SOURCE DATA:
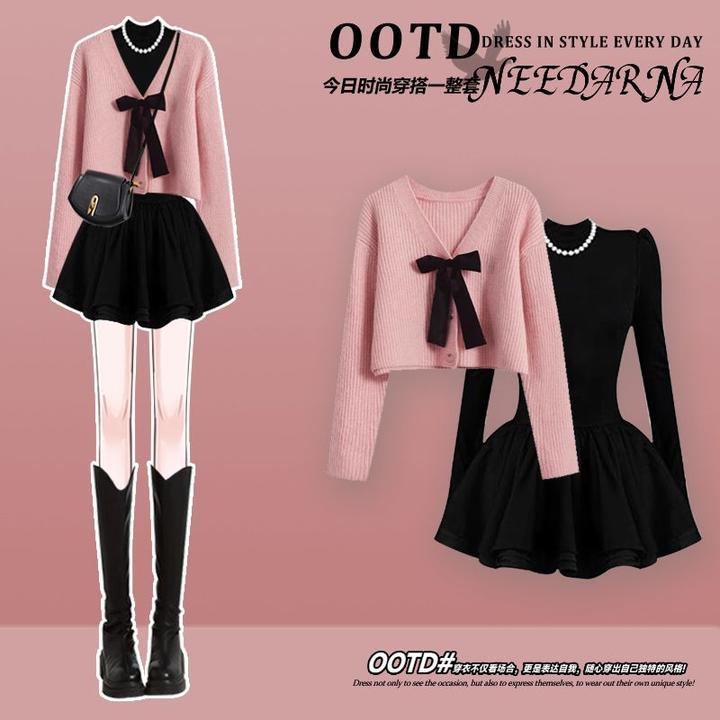 秋冬套装女2024新款小香风针织毛衣女韩系氛围感显瘦连衣裙两件套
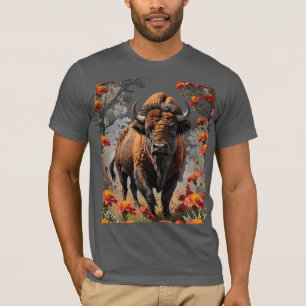 An American Bison Surrounded By Indian paintbrush  T-Shirt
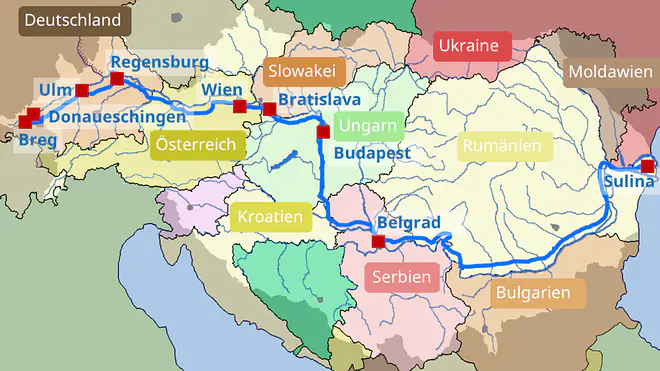Eine Karte des Verlaufs der Donau von der Quelle in Breg in Deutschland durch die Länder bis zum Ende in Sulina, Rumänien, Donauverlauf, Donau Verlauf Karte, wo mündet die Donau, Donau Fluss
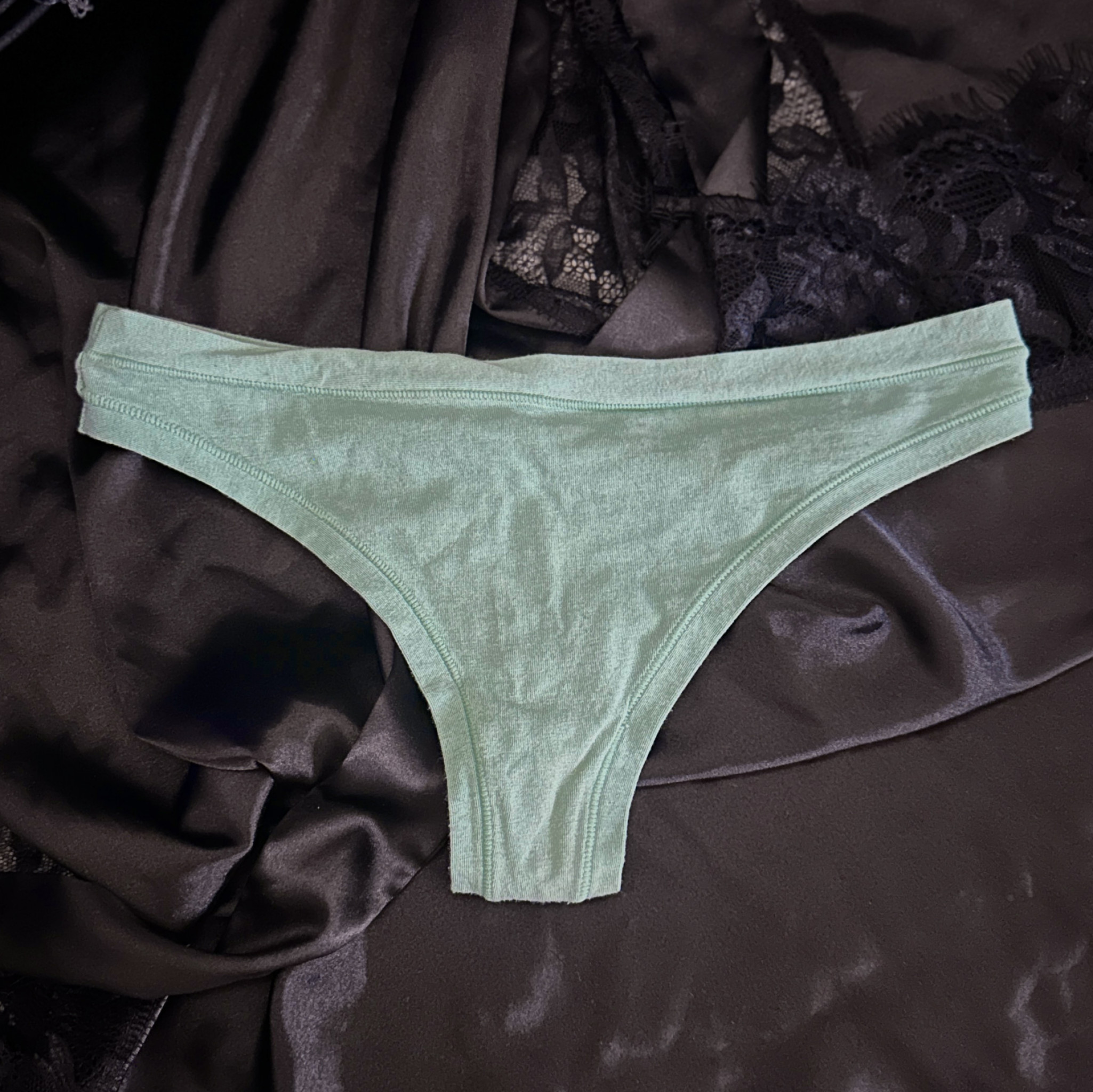 Teal Cotton Thong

TASK STATEMENT:
Write every line above again exactly, but leave the pictures out.

WRITTEN RESPONSE:
 秋冬套装女2024新款小香风针织毛衣女韩系氛围感显瘦连衣裙两件套
 An American Bison Surrounded By Indian paintbrush  T-Shirt
Eine Karte des Verlaufs der Donau von der Quelle in Breg in Deutschland durch die Länder bis zum Ende in Sulina, Rumänien, Donauverlauf, Donau Verlauf Karte, wo mündet die Donau, Donau Fluss
 Teal Cotton Thong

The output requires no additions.